Short descriptive text snippets:
━━━━━━

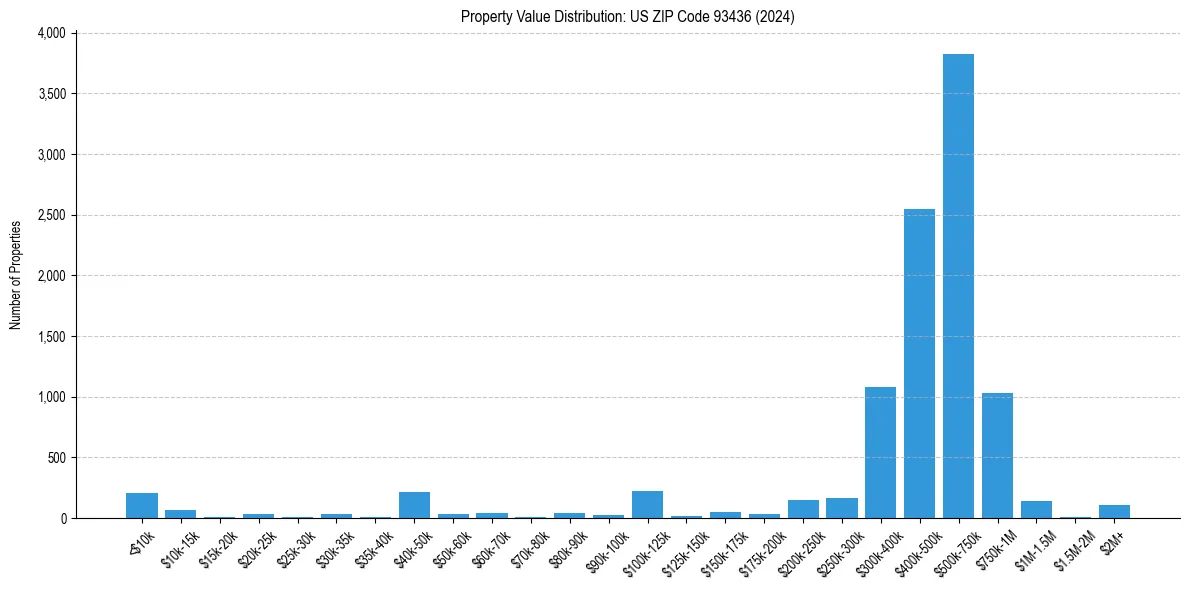 Value Distribution for 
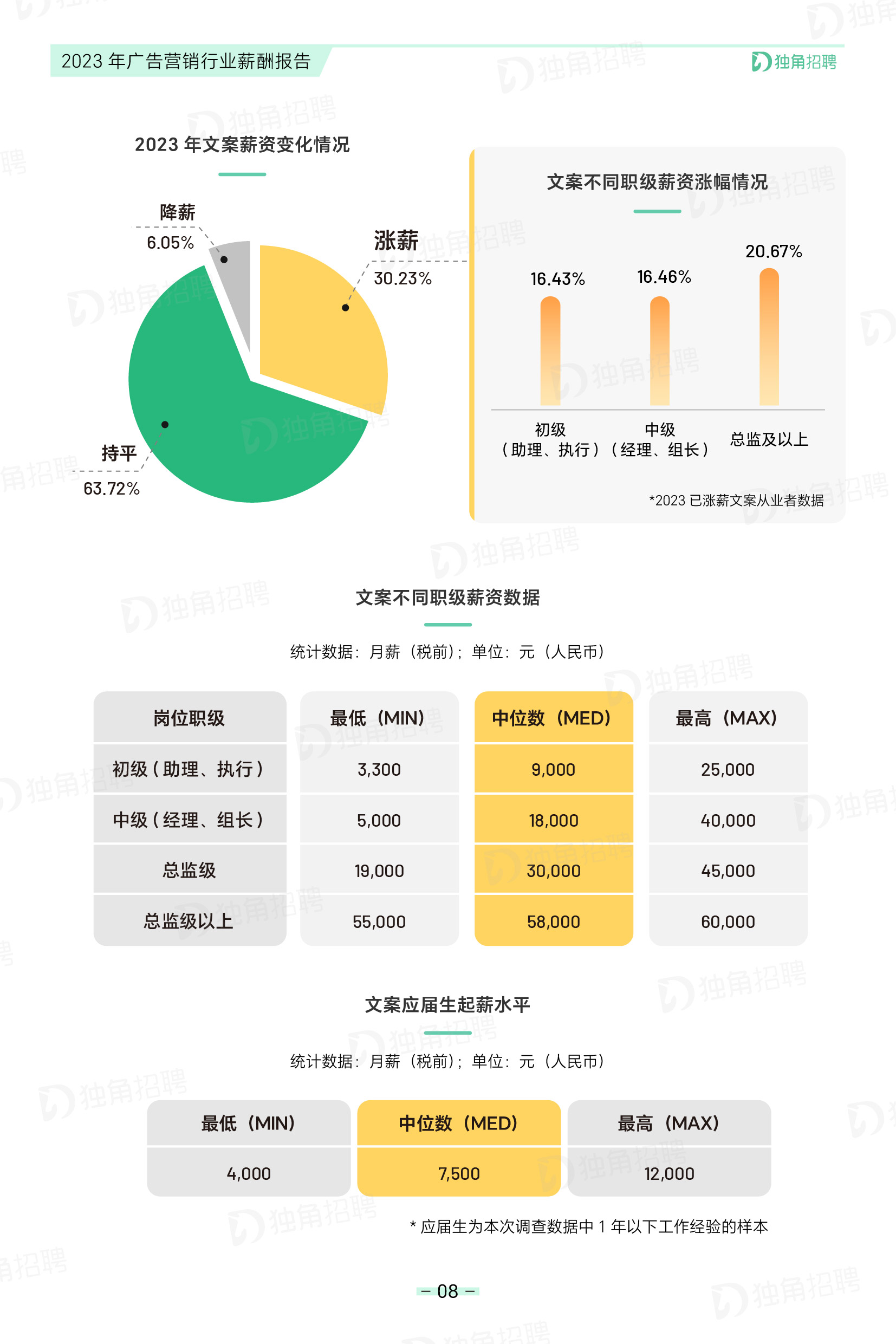 揭秘行业薪酬水平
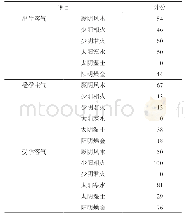 表3 肺系疾病评分：基于五运六气理论建立肺系疾病列线图预测评分体系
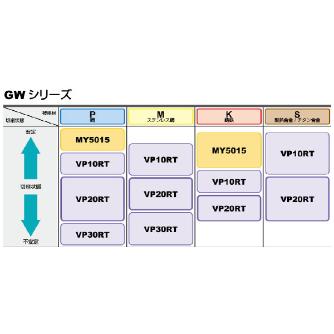 三菱マテリアル（株） 旋削用インサート GW 旋削用インサート（超硬コーティング） GW1M0200D020L05-GM VP10RT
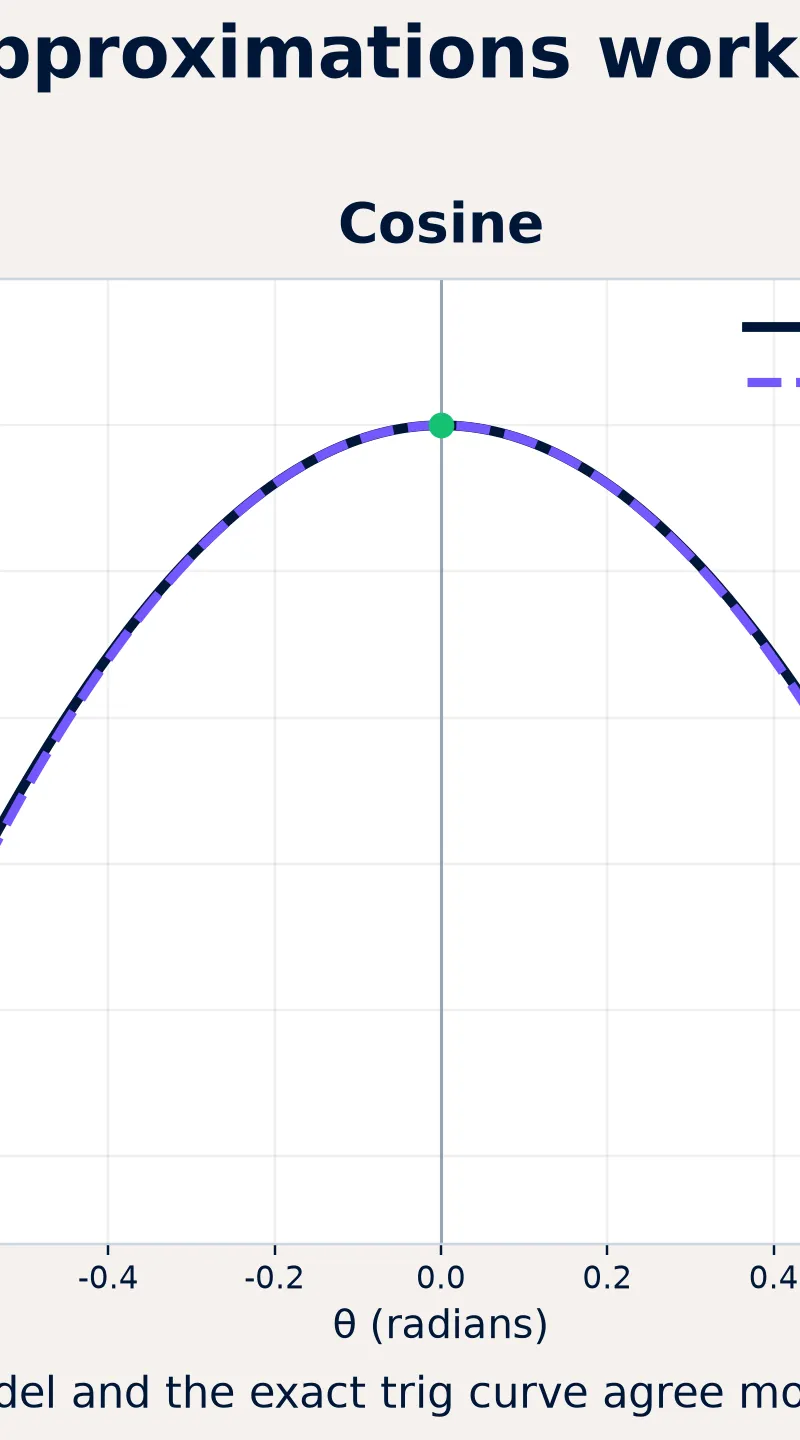 The approximations match the trigonometric curves only near θ = 0.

━━━━━━

(WHAT THE EXERCISE ASKS) Give the records above again in full and exactly, but exclude every picture.

(RESPONSE AREA)
 Value Distribution for 
 揭秘行业薪酬水平
 表3 肺系疾病评分：基于五运六气理论建立肺系疾病列线图预测评分体系
 三菱マテリアル（株） 旋削用インサート GW 旋削用インサート（超硬コーティング） GW1M0200D020L05-GM VP10RT
 The approximations match the trigonometric curves only near θ = 0.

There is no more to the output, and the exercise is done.